= Beginning of Section =
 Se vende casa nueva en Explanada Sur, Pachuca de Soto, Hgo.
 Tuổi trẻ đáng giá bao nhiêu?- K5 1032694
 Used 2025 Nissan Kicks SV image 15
= End of Section =
= Beginning of Section =
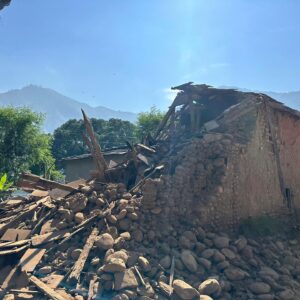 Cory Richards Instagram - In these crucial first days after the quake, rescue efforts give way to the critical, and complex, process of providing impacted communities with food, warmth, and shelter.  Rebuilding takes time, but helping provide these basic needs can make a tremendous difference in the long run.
= End of Section =
Task details
Return only the part of the records above that opens with the line containing "Se vende casa" and closes with the line containing "Used 2025 Nissan Kicks SV image 15", ends included.

Your response
 Se vende casa nueva en Explanada Sur, Pachuca de Soto, Hgo.
 Tuổi trẻ đáng giá bao nhiêu?- K5 1032694
 Used 2025 Nissan Kicks SV image 15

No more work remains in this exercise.